1. (Kuratowski, 1922) For any given subset A of a topological set, there are, at most, 14 distinct sets that may be constructed by applying any permutation of the interior, closure, and complement operations on A.
2. There exists a subset of the real line, with the standard topology, which yields 14 distinct sets when operated on by every permutation of the interior, closure, and complement operations.

Proof of 1:

We will represent the interior, closure, complement operation as $\circ, c, -,$ respectively. A composition of operations will be written with the left-most operation to be performed first: i.e. '$\circ\; c - c$' corresponds to the operation $A \rightarrow (Cl((Int(A))^c))^c$.

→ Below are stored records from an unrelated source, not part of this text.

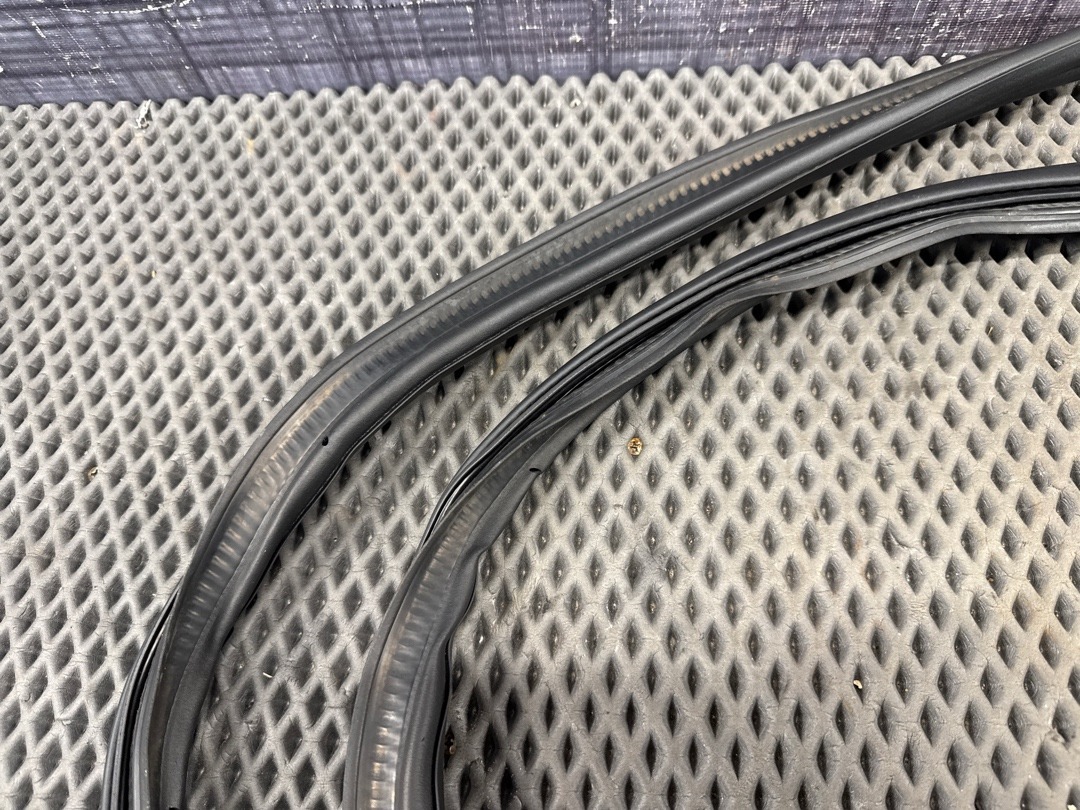 Уплотнитель крышки багажника, 1960 рублей, Красноярск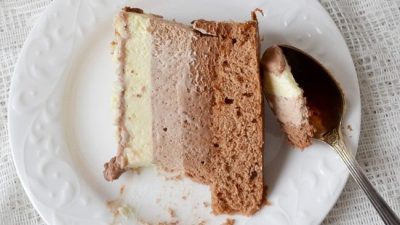 Трехцветный торт-мусс из шоколада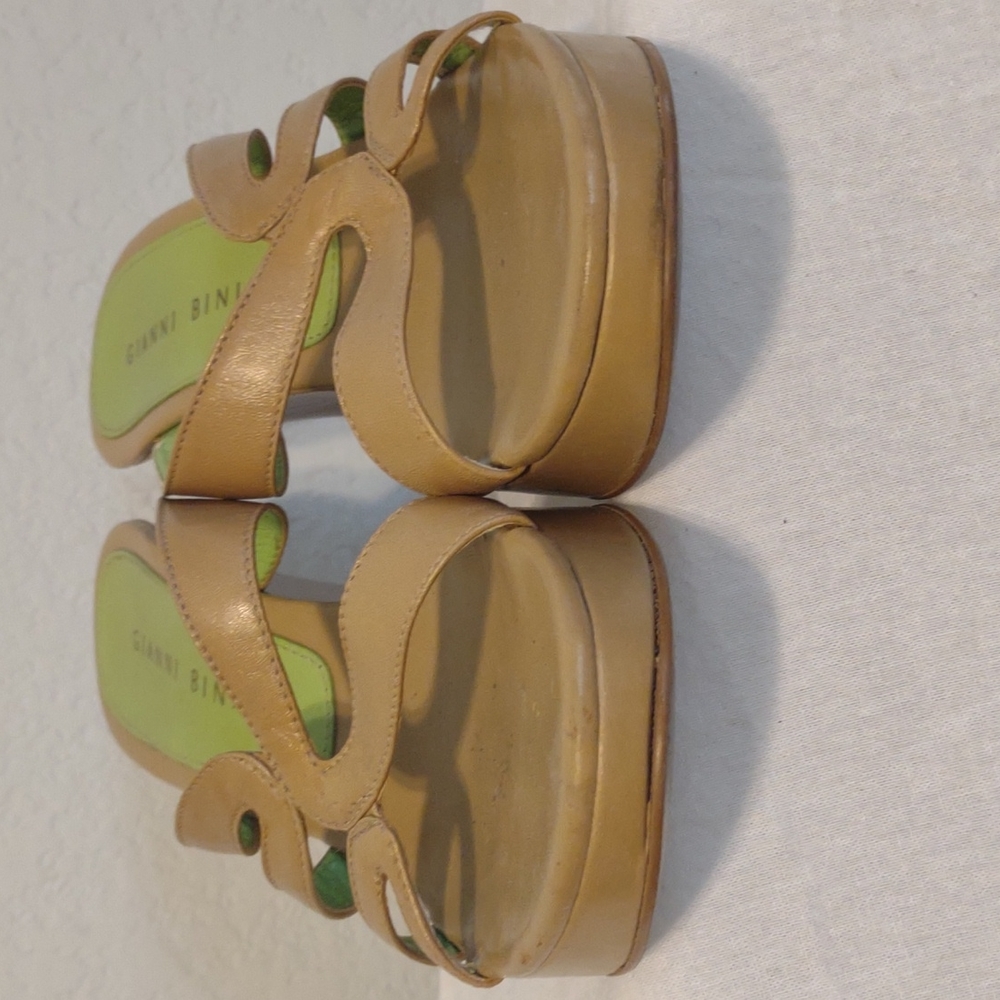 Gianni Bini wedged heel sandals. Beige in color, size 7 or 7.5M - Picture 7 of 12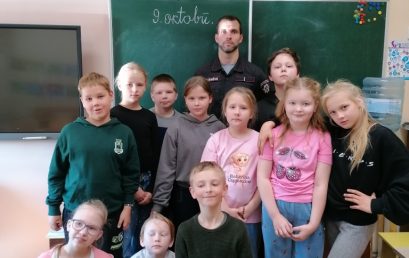 3.a klasē ciemojās VUGD Viesītes iecirkņa ugunsdzēsējs glābējs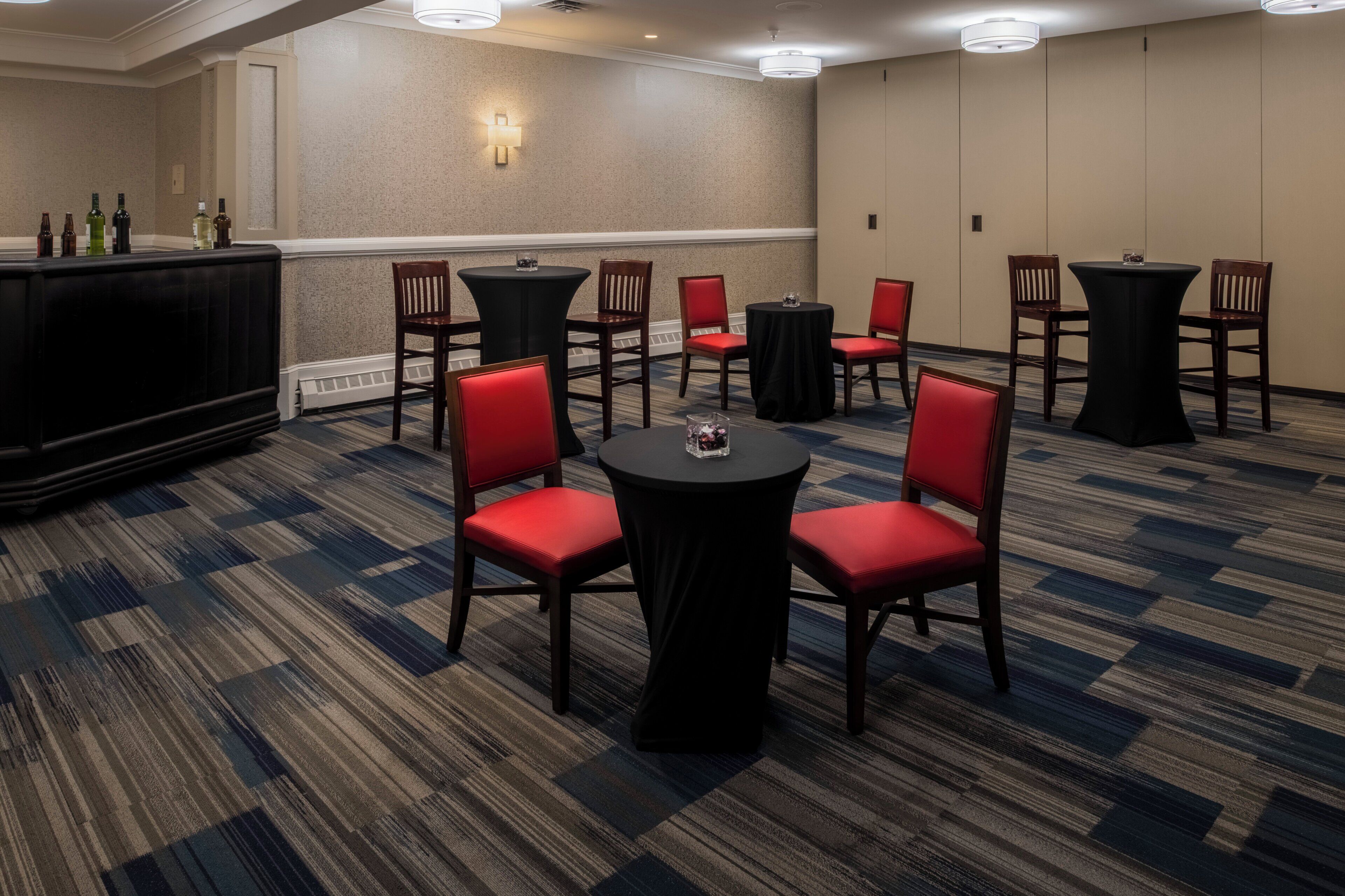 Photo - Holiday Inn Express & Suites Halifax - Bedford by IHG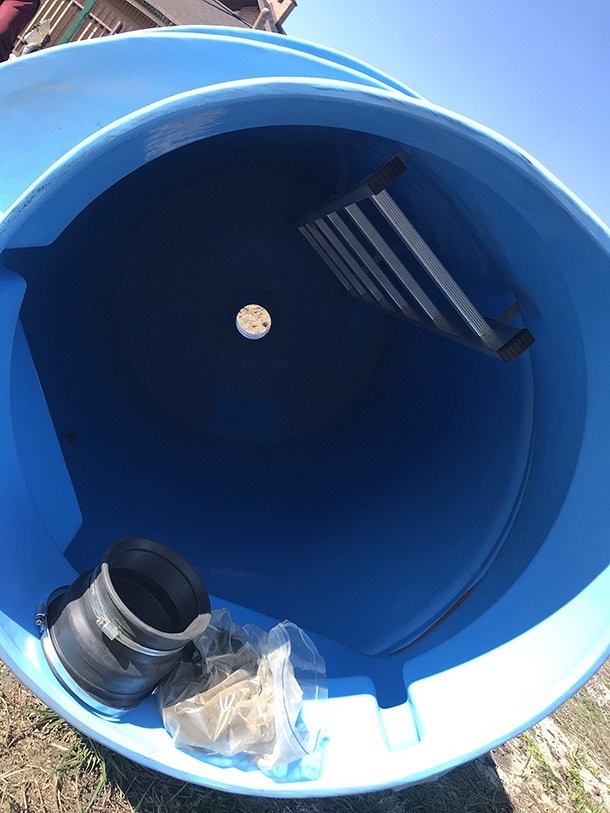 Установка пластикового кессона с обвязкой скважины и вводом воды в гараж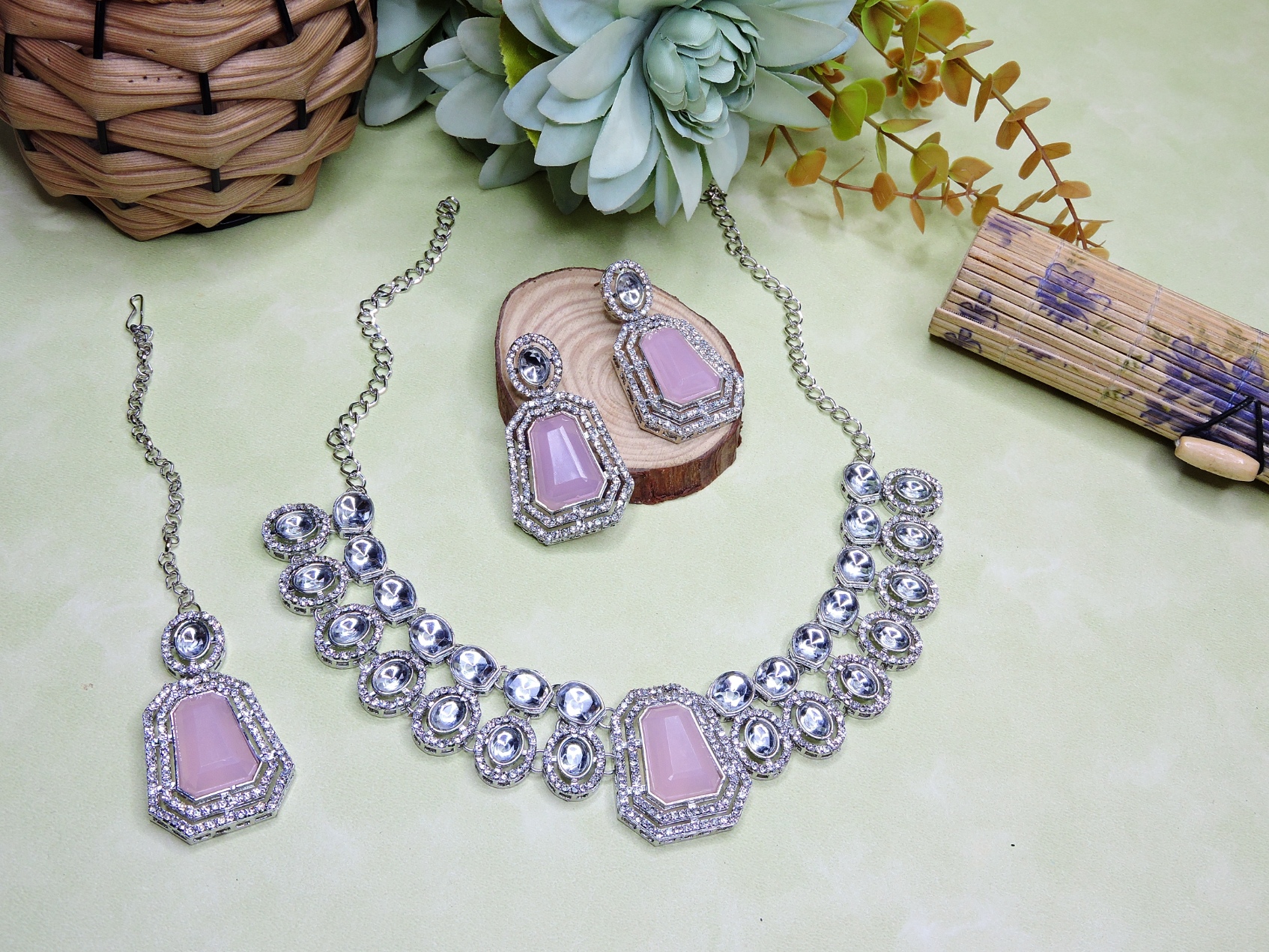 Light Pink Vine Alloy Bridal Necklace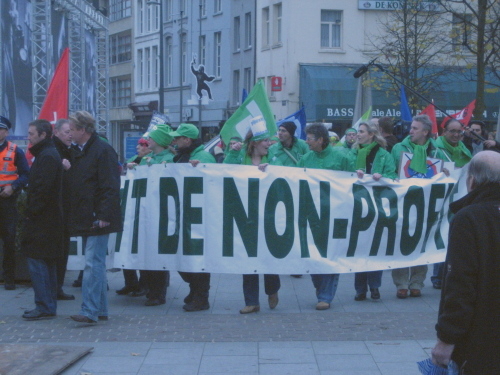 Click to begin slideshow hier komt de non-profit.jpg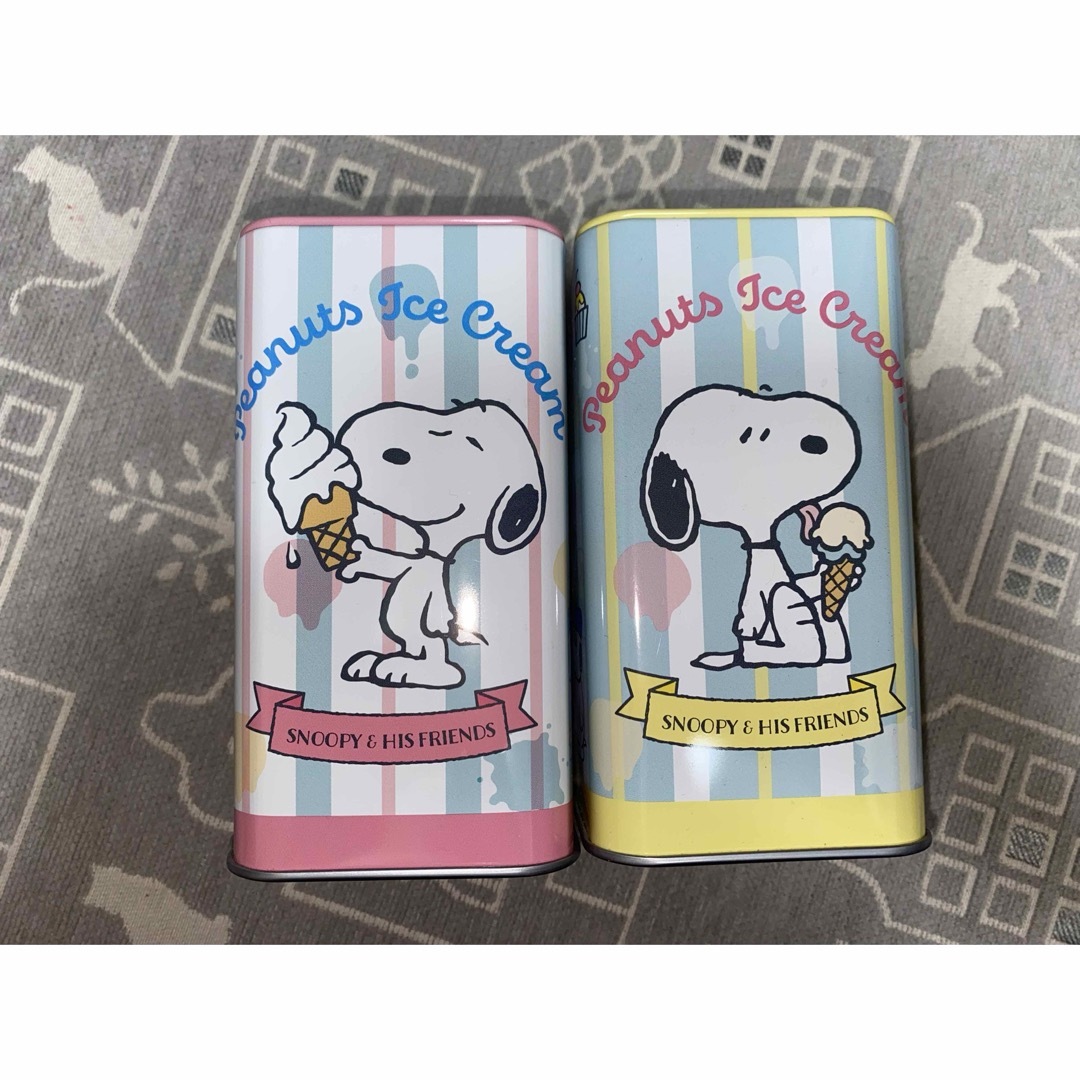 PEANUTS(ピーナッツ)の【美品】ユニバーサルスタジオジャパン　ピーナッツ　スヌーピー　缶 2セット エンタメ/ホビーのおもちゃ/ぬいぐるみ(キャラクターグッズ)の商品写真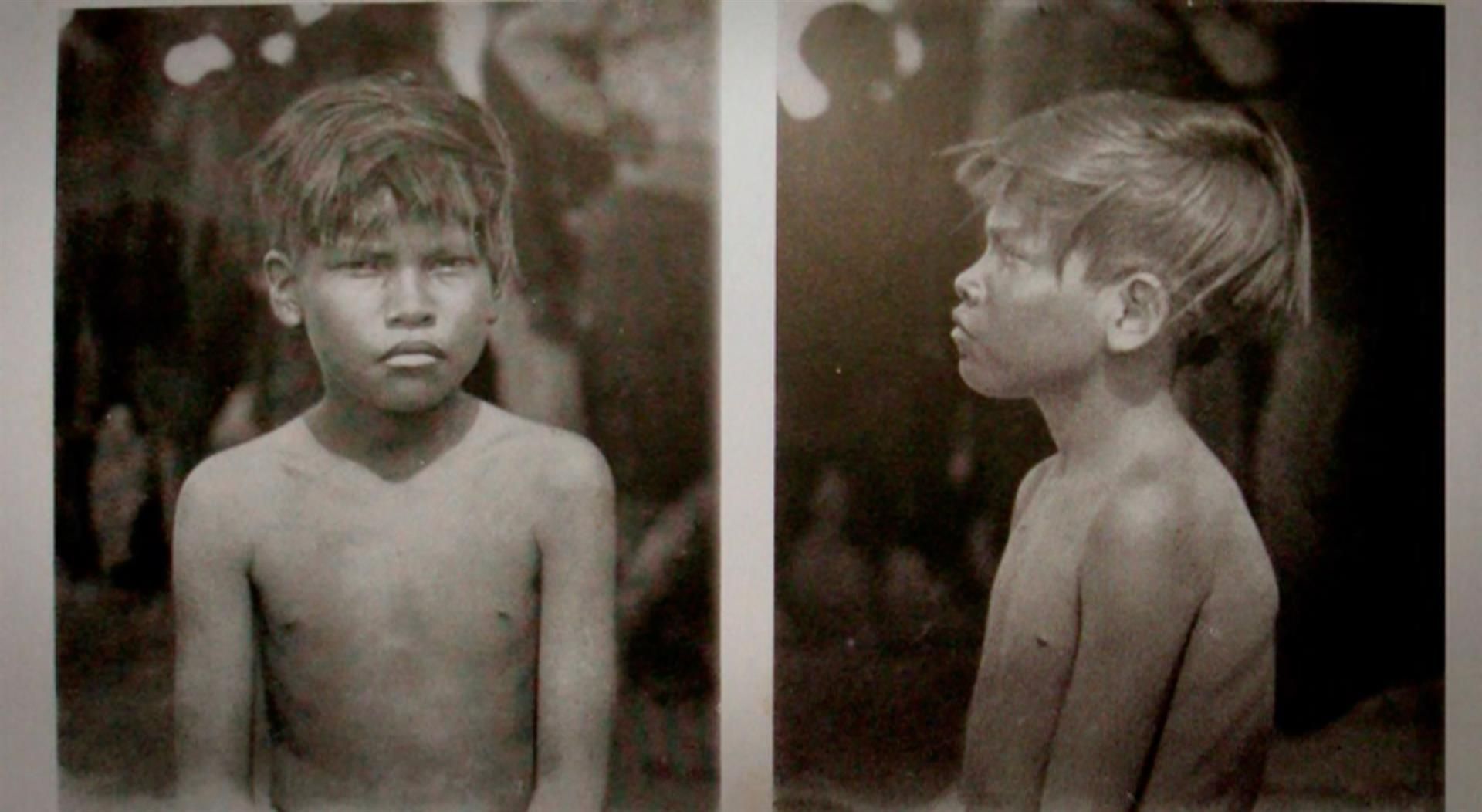 Fotografía cedida por Valeria Mapelman, Directora del Documental "Octubre Pilagá, relatos sobre el silencio" de un fotograma del documental que muestra a un niño perteneciente a este pueblo originario de la provincia de Formosa (norte de Argentina).  EFE/Valeria Mapelman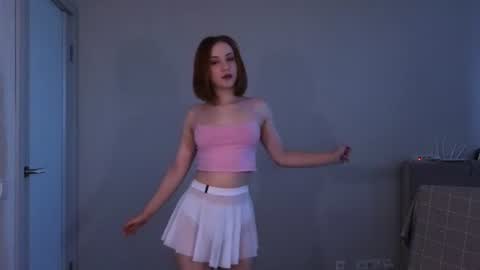 little_pretty_woman online show from July 25, 4:25 pm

We require the following relationships between the operators:

1. $\circ \; \circ = \circ$
2. $- \; - = -$
3. $c \; c = id$
4. $c \; - = \circ \; c$
5. $c \; \circ = - \; c$
6. $- \; \circ \; - \; \circ = - \; \circ$

The proof of the first three relations are trivial. The last three are left as an exercise (hint: it may help to begin by proving that $\circ = c - c$). With these relationships, we may easily reach our result. Consider the below state transition diagram. Each grey box represents a set. If the box is labelled, say, XYZ, the box represents the set A with these operators applied to it: Z(Y(X(A))). Following an arrow labelled X from a state box A leads to another state box which represents the image of the set represented by A under the operator X. A set A upon which no operations have been applied (or alternatively, the complement has been applied twice) starts in state 'nil'. If for any of the three operators under consideration, a state box does not have an arrow leading out labelled as such, it is implied that the operator does not change that set.

A verification of the proof involves checking each arrow (and missing, implied arrow) to ensure that the diagrammatically indicated relationship between the sets at each end of the arrow holds. Only the above listed relationships are needed for this.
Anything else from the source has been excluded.